(TASK OBJECTIVE): Only the lines from the line containing "Kitchen - 10109" through the final line of the entries should be printed, exactly as given, with the pictures left out.

Scraped caption text data
★ ★ ★ ★ ★ ★ ★
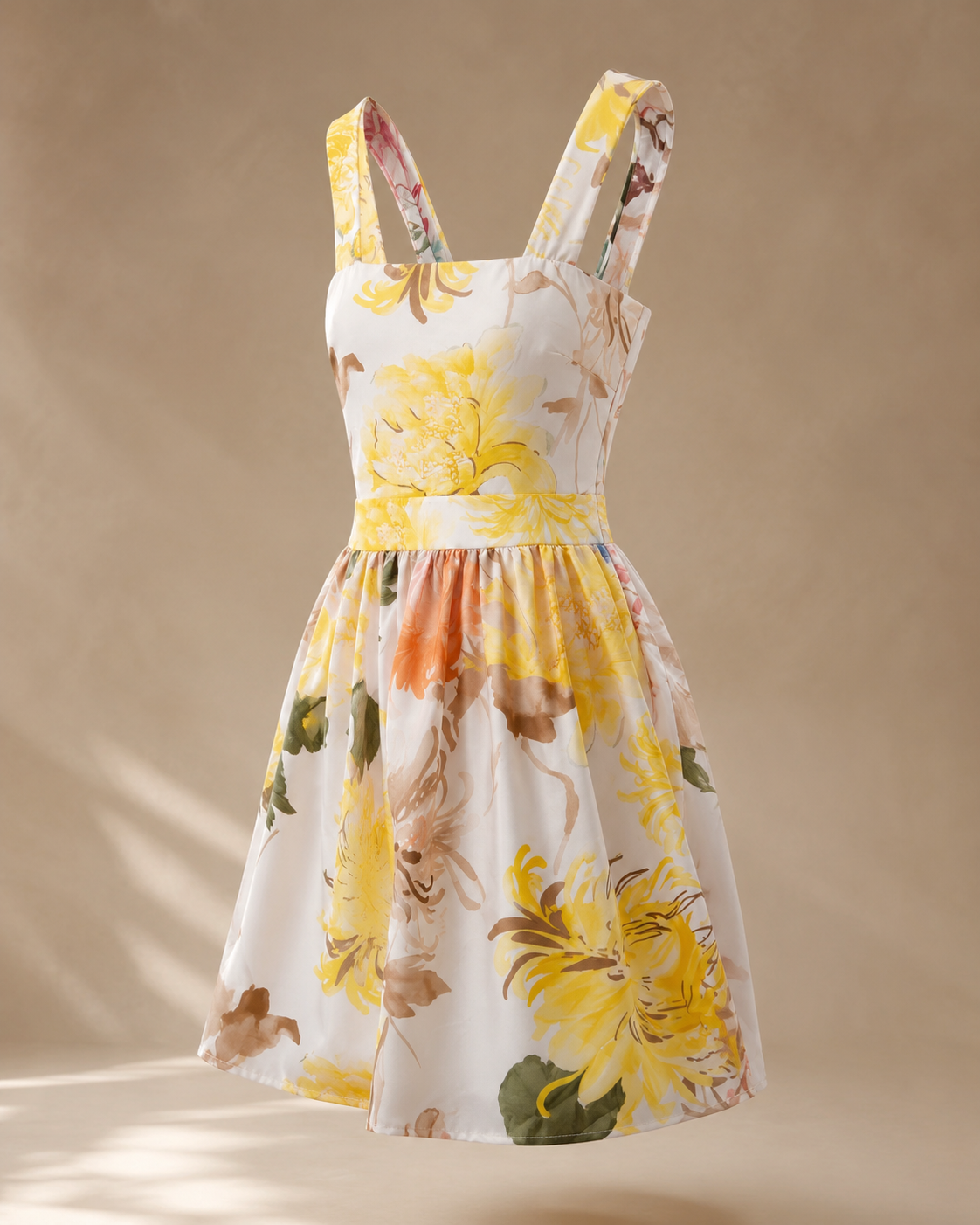 SHELLA — Robe courte fleurie jaune col carré à larges bretelles / Yellow Floral Square Neck Mini Sundress / فستان صيفي قصير مزهّر أصفر بياقة مربعة وحمالات عريضة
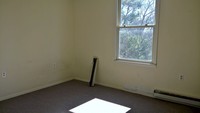 136 Spring St in Frostburg, MD - Foto de edificio - Interior Photo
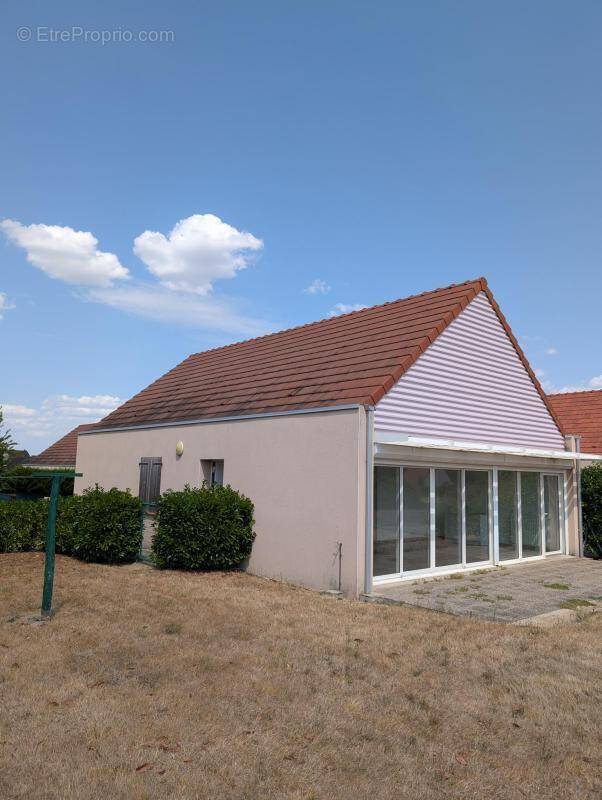 Maison à NEUVY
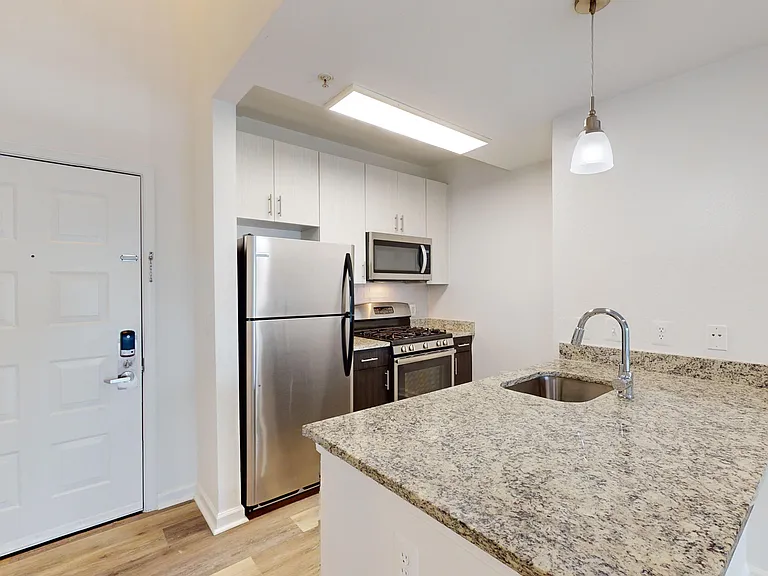 Sullivan Place — Photo 131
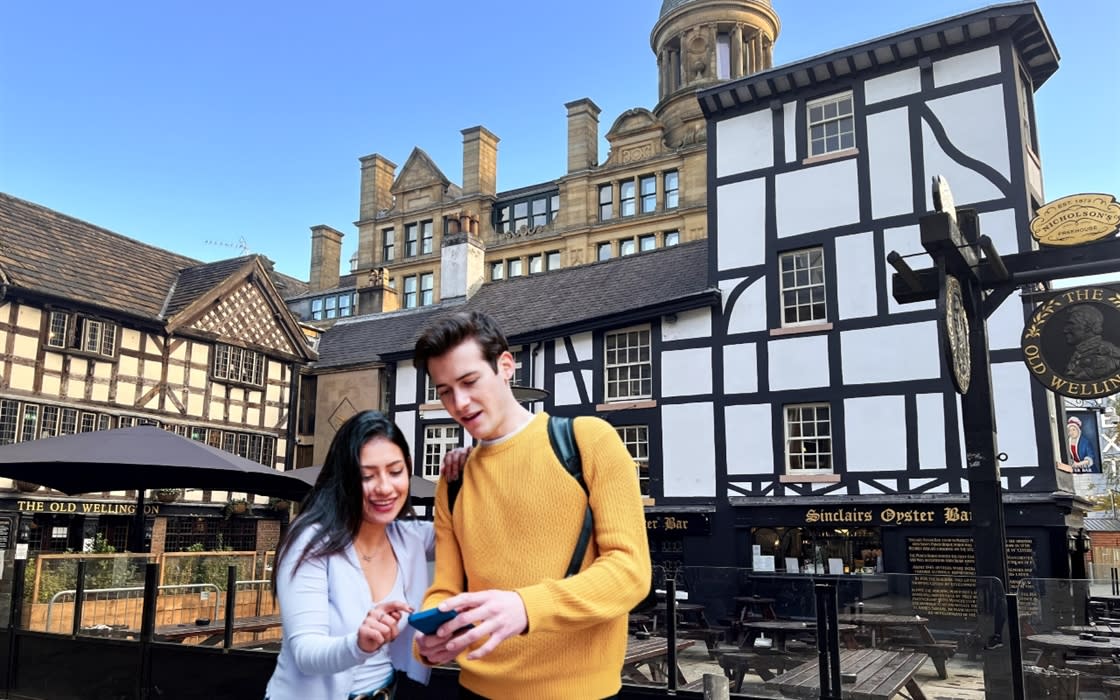 City Walking Tour & Interactive Treasure Hunt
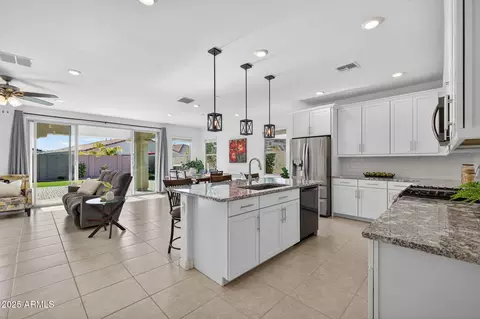 Kitchen - 10109 E Sphere Ave, Mesa, AZ 85212 photo 3 of 5
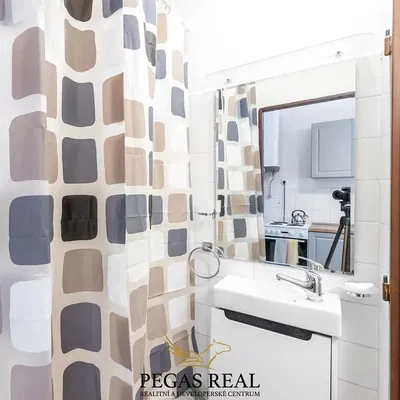 Küche; küchengeräte, holzboden, tageslicht, moderner stil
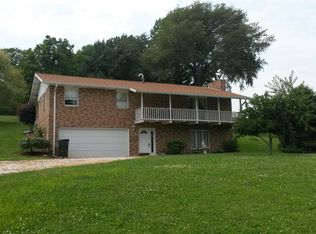 935 N McClure Rd, Vincennes, IN 47591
★ ★ ★ ★ ★ ★ ★
(WRITTEN RESPONSE):
 Kitchen - 10109 E Sphere Ave, Mesa, AZ 85212 photo 3 of 5
 Küche; küchengeräte, holzboden, tageslicht, moderner stil
 935 N McClure Rd, Vincennes, IN 47591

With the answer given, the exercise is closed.